The world of crypto has brought about a new bubble, that so many people have benefited from financially. There have been ups and downs across the industry, but numerous people have remained resilient when faced with catastrophic bear markets.
Especially in recent times, with the collapse of the LUNA token, the de-pegging of UST, the war in Ukraine, and the stock market sell-offs. It has been a turbulent year for the crypto markets.
In light of recent events, could this be the early signs of the crypto bubble popping, or is it the next stage of crypto-asset prices ready to soar to all-time highs? Regardless, there are many challenges that await investors, and here, we discuss what those challenges are.
Before investing in the crypto markets, or any markets for that matter, there must be a connection of trust between the project and the investor. When you look at founders publicly taunting investors online (as Do Kwon (founder of Terra Luna) did) then you begin to feel a sense of distrust within the project.
It is important for a crypto project to maintain a strong sense of integrity among investors, especially from the founder’s side. For too long, there has been a stigma attached to crypto projects that show founders creating pump and dump schemes.
This has been a worrying challenge among investors, as, it’s difficult to gauge the authenticity of a crypto founder’s intentions. By which, as an investor, you must dig much deeper into the project as a whole.
This leads to the second point, and that is transparency. Many projects in the industry have hidden behind a facade, and this raises red flags among the investing community, or at least it should.
Before investing in stocks and shares, a public company’s information is well documented with the SEC, allowing investors to get a better understanding of what they’re investing into.
In contrast, the crypto world is not as straightforward, forcing investors to run their own analysis of the project, and make a judgment based on what they uncover.
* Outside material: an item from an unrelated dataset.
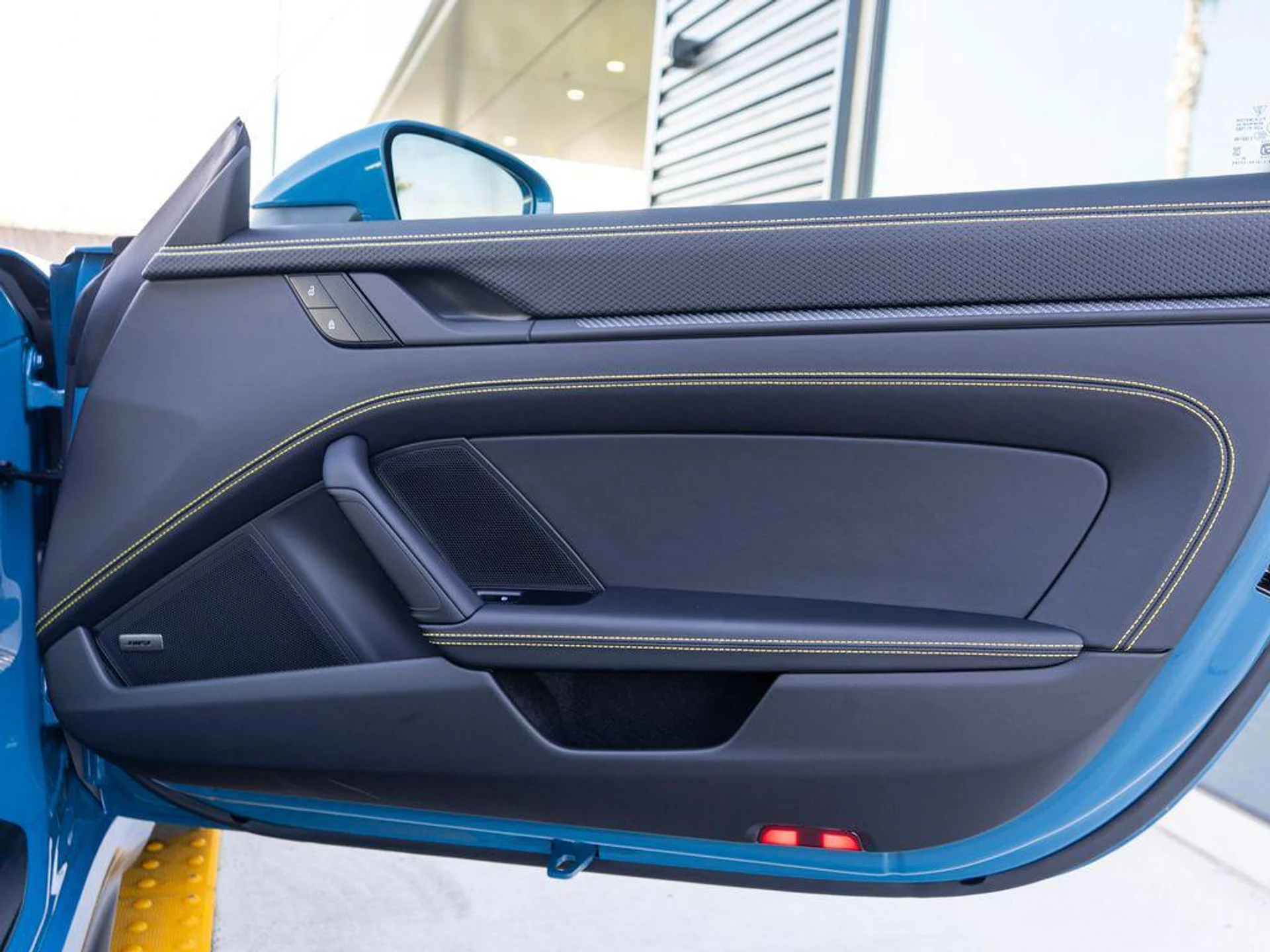 mph031_3418790458_1_Ox_b1_J6u4_n_J_f_W_Eu9_Orag91_C8_4cc26f6e3a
As a crypto project, they must be willing, and open, to share similar information, as you would find with a publicly-traded company so that investors can make a more informed decision. Without this information, then it is entirely down to the investor to take the risk.
Today, the crypto market is not stable, and in many ways, it won’t stabilize, at least not for a few years. Due to the volatility of the crypto market, it has become a dis-trusted industry for investors to hold on to for the long run.
There is still money to be made in the crypto world, but the most minor issue that arises will set off a downturn in stocks, easily wiping billions of dollars off the market overnight.
This has been proven time and time again, as, corporations, hedge funds, VCs, etc… often have cryptocurrencies in their portfolio, among other assets. Still, when there’s turmoil in any aspect of the trading world, these crypto-assets become high risk and are often the first asset that is sold off.
This triggers a domino effect bearish market, as these institutes cannot hold on to the faith that crypto markets will see stability in times of crisis. This becomes a challenge among crypto-focused investors, as, their crypto portfolio will inevitably be hit during these times.
In many cases, the crypto market has been deemed a high-risk market, and this won’t change any time soon. Ultimately it is down to the investors themselves as to whether they can overcome these challenges, and be convinced to invest money into the market.